Поездка на острова - [10]
Охотники скидывали свои мешки, кошелки и ружья и усаживались на тугую осочную траву, под которой ощущалась влажная и теплая торфяная земля. Все пришли слишком рано, и было немного стыдно своего нетерпения, но те, что пришли раньше, уже пережили свой стыд и подтрунивали над вновь прибывшими. Закуривали папиросы, завязывали беседы.
Дедок бродил от группы к группе, с умилением прислушиваясь к разговорам охотников. Никогда он не думал, что эти люди так нужны и дороги ему. Казалось прежде, что иных он недолюбливает, иных осуждает. Но все они были частицей того, едва не утраченного Дедком мира, в котором так сладко и радостно жить. И без любого из них жизнь была бы чем-то беднее.
В группе вокруг Анатолия Ивановича, сидевшего по обыкновению так прямо, будто сквозь него продернули шомпол, разговор имел научный оттенок.
— А вот отчего, к примеру, журавля называют журавлем? — спрашивал круглолицый, в пушке еще не бритой бороды колхозный счетовод Колечка.
— Ну, это просто, — пренебрежительно отозвался Анатолий Иванович. — Нешто ты колодезь-журавель не видел? Коромысло на длинной ноге — будто птица журавль стоит.
— А я так полагаю, что журавль прежде колодца был, — задумчиво заметил Петрак. — Птица раньше объявилась…
— Факт, раньше! — воскликнул пораженный этой мыслью Колечка.
Анатолий Иванович слегка переместил в его сторону плоскости серых, холодных глаз.
— Конечно, раньше, какой разговор! — сказал он строго. — Только была она без названия.
— Неужто без названия? — изумленно воскликнул Колечка и покрутил круглой, крепкой головой.
Дедку захотелось вмешаться и тоже сказать что-нибудь такое же острое и веское, как сказал Анатолий Иванович, и чтобы егерь скосил на него серые, холодные глаза, а Колечка закрутил бы своей крепкой, круглой головой, но он никак не мог собрать ускользающие куда-то мысли и вдруг проговорил совсем не то, что хотел:
— А в Рязани говорят не чирок, а цирок!
Анатолий Иванович, не поворачивая головы, взял Дедка на прицел.

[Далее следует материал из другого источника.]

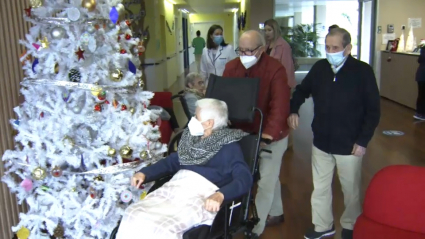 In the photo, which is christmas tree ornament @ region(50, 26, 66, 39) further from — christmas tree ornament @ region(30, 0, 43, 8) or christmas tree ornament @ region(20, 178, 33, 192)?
christmas tree ornament @ region(20, 178, 33, 192)

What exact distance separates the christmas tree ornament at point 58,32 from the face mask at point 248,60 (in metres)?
1.12

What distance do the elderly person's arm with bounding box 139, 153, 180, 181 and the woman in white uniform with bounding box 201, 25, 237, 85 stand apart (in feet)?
7.62

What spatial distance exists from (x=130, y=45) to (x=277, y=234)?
1718 millimetres

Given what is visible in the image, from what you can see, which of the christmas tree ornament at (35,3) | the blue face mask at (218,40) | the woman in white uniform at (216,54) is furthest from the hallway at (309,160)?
the christmas tree ornament at (35,3)

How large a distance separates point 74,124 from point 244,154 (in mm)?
1047

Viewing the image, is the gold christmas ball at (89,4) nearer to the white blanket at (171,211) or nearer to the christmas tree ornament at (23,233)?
the white blanket at (171,211)

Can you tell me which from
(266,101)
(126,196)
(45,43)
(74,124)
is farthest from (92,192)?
(266,101)

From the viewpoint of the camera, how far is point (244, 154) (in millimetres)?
2348

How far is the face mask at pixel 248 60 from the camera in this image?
8.51ft

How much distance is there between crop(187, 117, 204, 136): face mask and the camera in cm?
218

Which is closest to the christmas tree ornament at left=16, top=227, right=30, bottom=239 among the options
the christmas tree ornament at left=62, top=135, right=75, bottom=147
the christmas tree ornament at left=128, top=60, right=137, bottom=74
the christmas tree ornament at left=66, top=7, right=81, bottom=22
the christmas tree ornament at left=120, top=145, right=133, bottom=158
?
the christmas tree ornament at left=62, top=135, right=75, bottom=147

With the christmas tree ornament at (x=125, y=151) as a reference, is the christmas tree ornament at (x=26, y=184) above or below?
below

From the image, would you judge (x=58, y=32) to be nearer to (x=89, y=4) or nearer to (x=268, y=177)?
(x=89, y=4)

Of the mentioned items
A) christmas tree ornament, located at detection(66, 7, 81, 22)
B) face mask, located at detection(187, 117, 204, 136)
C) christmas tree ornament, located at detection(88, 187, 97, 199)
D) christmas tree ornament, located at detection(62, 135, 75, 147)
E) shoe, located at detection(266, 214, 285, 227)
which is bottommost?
shoe, located at detection(266, 214, 285, 227)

— Нешто ты бывал в Рязани?
— Как не бывал? — задохнулся Дедок. — С покойным твоим отцом ездил. Я всюду бывал: и в Рязани, и в Клепиках, и в Шилове…
— Верно, говорят, — подтвердил Анатолий Иванович. — Там вообще цокают.
— Во-во! — обрадовался Дедок. — И всякая утка у них цирок — цирок, и матерая — цирок, и гоголь — цирок.
— Не ври, старый, — перебил Анатолий Иванович. — Матерая у них — кряква, а гоголь так гоголем и зовется.
«Верно, — словно проснулся Дедок, — и с чего это я…»
— А вот отчего название такое «чирок»? — спросил Колечка.
Дедок побрел дальше.
Смуглый, похожий на цыгана Иван и брат Анатолия Ивановича Василий упрекали Бакуна в том, что он не справляется со своей женой, молодой, толстой скотницей Настей. Здесь же крутился и любитель соленых разговоров Костенька.
— Сказывают, она в Заречье повадилась, — говорил Иван. — Не иначе, там у тебя заместитель работает.
Бакун не обижался.
— Может, и так, ребята, — говорил он, кротко улыбаясь щербатым ртом. — Ее винить нельзя. Женщина молодая, в теле, а я что — полуфабрикат.
Охотники засмеялись, и снова Дедку захотелось высказаться, поразить охотников каким-нибудь лихим и острым словом.
— Эх, вы… молодежь! — сказал он. — Я вон седьмой десяток доколачиваю, а разок в неделю свою старуху навещаю.
— Силен дед! — выломив темную бровь, воскликнул Иван и прибавил нехорошее слово. Костенька захихикал, а Василий брезгливо и жалостливо усмехнулся.
Дедку стало мучительно стыдно, он отвернулся и, опустив плечи, побрел прочь.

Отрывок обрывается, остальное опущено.